Si je lis régulièrement des ouvrages d’histoire militaire, je suis aussi assez intéressé par le sujet du wargame, que je pratique un peu sur ordinateur. La sortie d’un livre consacré à l’histoire de ce loisir ne pouvait qu’attirer mon attention et j’ai fini par le lire.

Si le wargame a de nos jours largement diffusé dans le domaine ludique, c’est à l’origine un outil militaire et c’est ce que montre Bourguilleau dès le début de son ouvrage. L’auteur présente bien les précurseurs sur le sujet puis les premiers créateurs, à la fin du 18e siècle, de ce que l’on nomme d’abord Kriegspiele (jeu de guerre en allemand, soit la même chose que Wargame en anglais) puisque les initiateurs de cette activité sont outre-Rhin. On voit ensemble comment cette activité nouvelle se répand, parfois avec difficulté, dans les différentes armées. Les succès de certaines armées, notamment l’armée prussienne dans le seconde moitié du 19e siècle, contribuent à la propagation du kriegspiele, qui petit à petit devient le wargame. Le 20e siècle sera celui au cours duquel cette activité sort de la sphère militaire et entre dans la sphère ludique, pour revenir par la suite dans son milieu d’origine.

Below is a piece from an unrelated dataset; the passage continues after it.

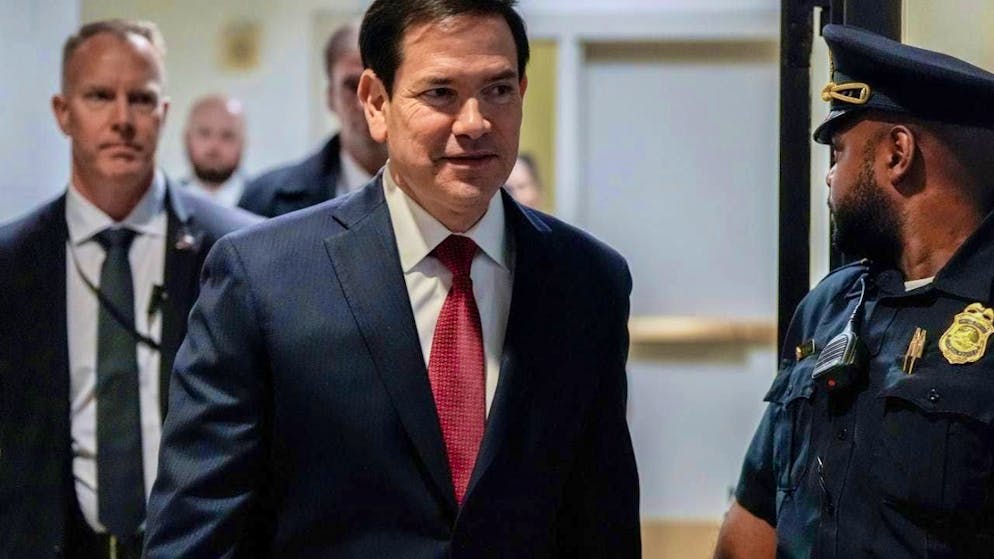 ARCHIVE - US Secretary of State Marco Rubio. Photo: Julia Demaree Nikhinson/AP/dpa/Archive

Si le plan de l’ouvrage est essentiellement chronologique, l’auteur profite néanmoins de chaque étape de cette histoire pour aborder certaines sujets connexes. Comme celui du simulationnisme, problème bien connu des rôlistes : pour avoir une parfaite représentation de la réalité, il faut un empilage infini de règles et de paramètres, ce qui nuit considérablement à la fluidité de l’activité. Ce phénomène provoque la formation de plusieurs façons d’aborder le wargame. Faut-il le simplifier ? Le complexifier ? Et plus largement a-t-il vocation à représenter la réalité ? Bref, il peut constituer un outil mais encore faut-il en trouver les usages et en comprendre les limites.

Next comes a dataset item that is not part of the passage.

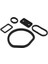 Araba Filtre Conta Takımı Yağ Soğutucu Contası Mercedes Benz W203 W211 W220 W163 1121840261 1121840361 Benz Parçaları (Yurt Dışından) 3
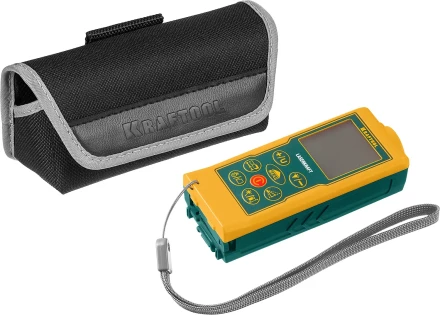 Дальномер лазерный LASER-KRAFT, дальность 5см - 70м, точность 1,5мм, KRAFTOOL 34760 34760_z01 купить в Нефтеюганске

L’un des passages que j’ai beaucoup apprécié concerne différents exercices de simulation historiquement fait par diverses armées, en prévision de certains conflits, et où les résultats de ces simulations n’ont pas été intégrés, possiblement car ne correspondant pas aux attentes des armées les ayant réalisés… et prédisant pourtant correctement les résultats du conflit qui suit. Si l’on doit bien se garder de considérer le wargame comme un outil prédictif, on voit là qu’il peut pourtant apporter certaines leçons… pour peu qu’on sache les accepter.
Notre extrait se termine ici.